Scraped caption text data
########################################
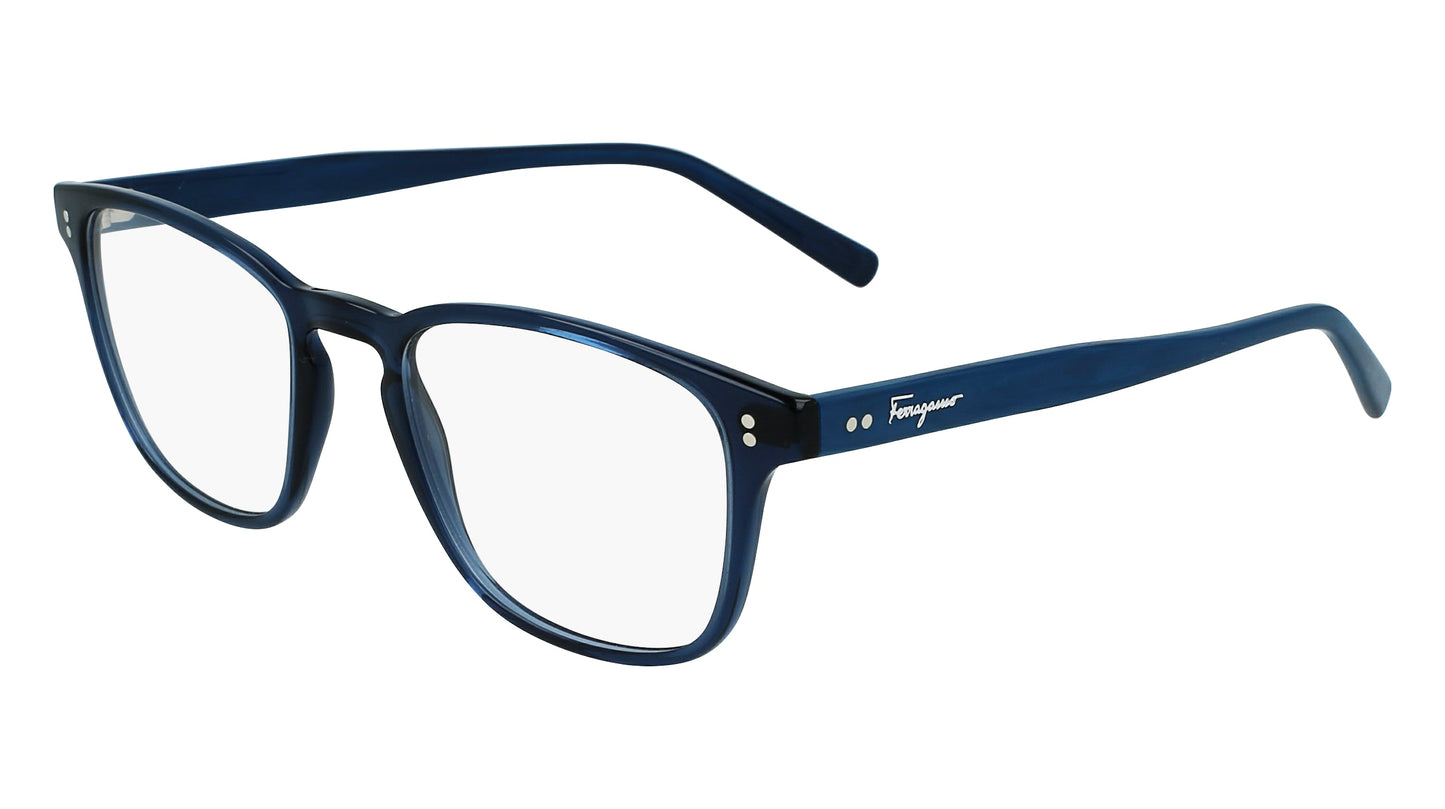 Salvatore Ferragamo SF2913-402-51 51mm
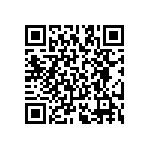 RT2512FKE0778R7L QRCode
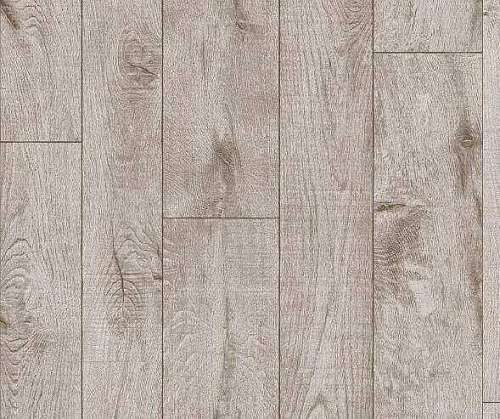 COUNTRY OAK 1 (3)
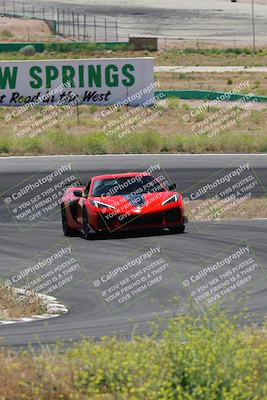 media/May-15-2024-Open Track Racing (Wed) [[0f8b45e841]]/Red/Session 3 (Turn 4a)/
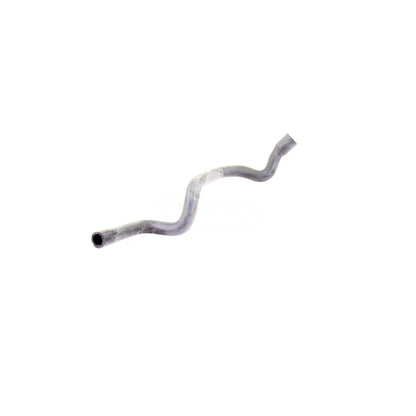 VAICO Radiator Coolant Hose V30-1577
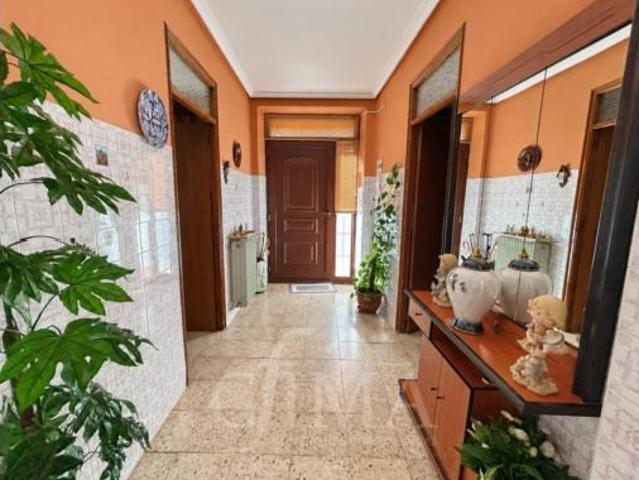 Casa Venta Tomelloso, Tomelloso
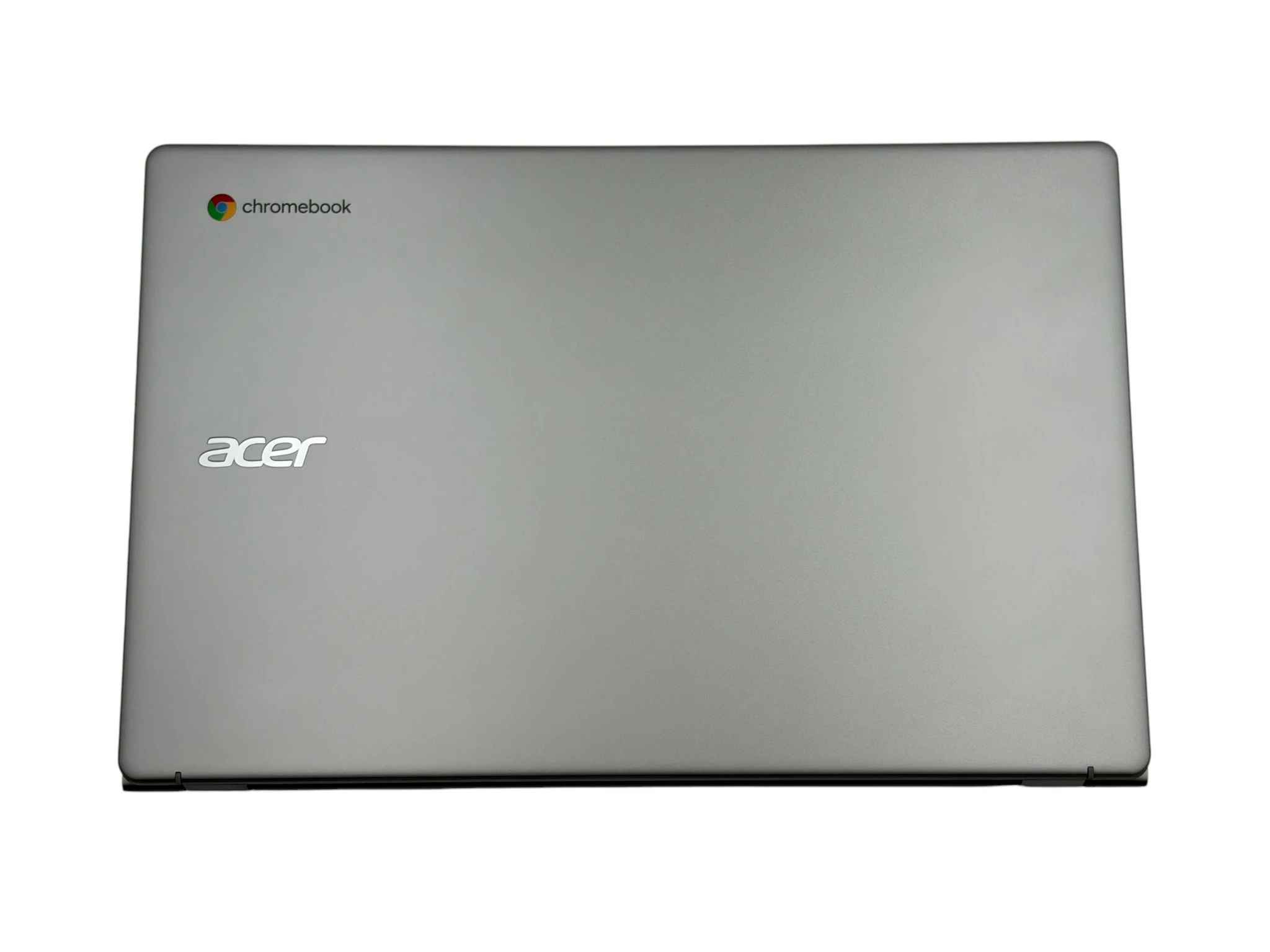 laptop-acer-chromebook-156-intel-n150-8128gb-srebrny-gw-102027r-pojemnosc-dysku-128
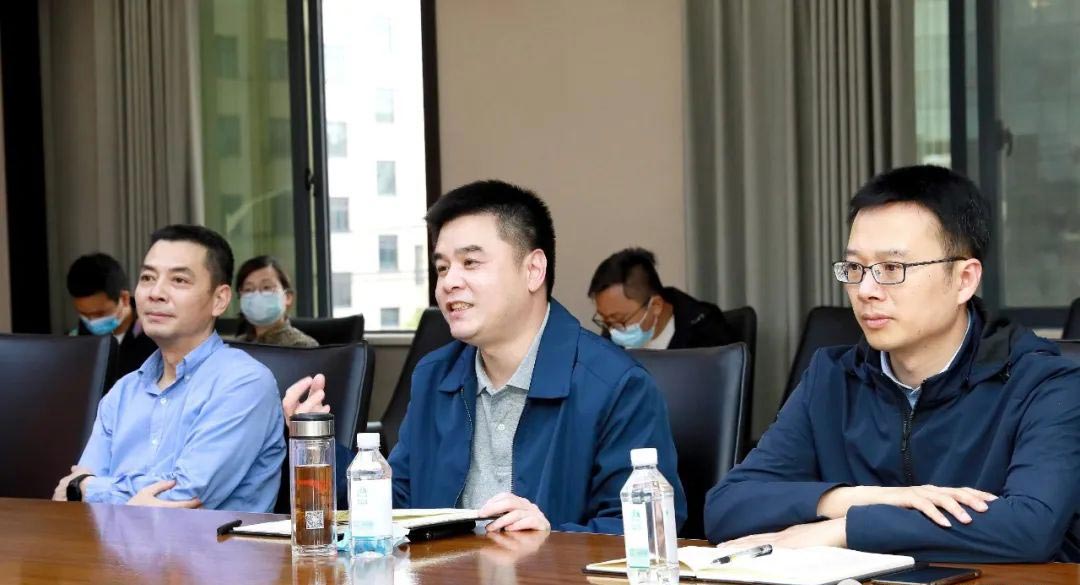 首页|壹号娱乐 - 相信品牌的实力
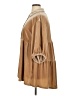 Unbranded Tan Casual Dress Size XL - photo 5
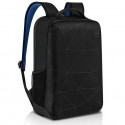 DELL ESSENTIAL BACKPACK 15 - E51520P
########################################
(Work task): Nothing but the records, copied exactly and stripped of pictures, should be returned.

(Result):
 Salvatore Ferragamo SF2913-402-51 51mm
 RT2512FKE0778R7L QRCode
 COUNTRY OAK 1 (3)
 media/May-15-2024-Open Track Racing (Wed) [[0f8b45e841]]/Red/Session 3 (Turn 4a)/
 VAICO Radiator Coolant Hose V30-1577
 Casa Venta Tomelloso, Tomelloso
 laptop-acer-chromebook-156-intel-n150-8128gb-srebrny-gw-102027r-pojemnosc-dysku-128
 首页|壹号娱乐 - 相信品牌的实力
 Unbranded Tan Casual Dress Size XL - photo 5
 DELL ESSENTIAL BACKPACK 15 - E51520P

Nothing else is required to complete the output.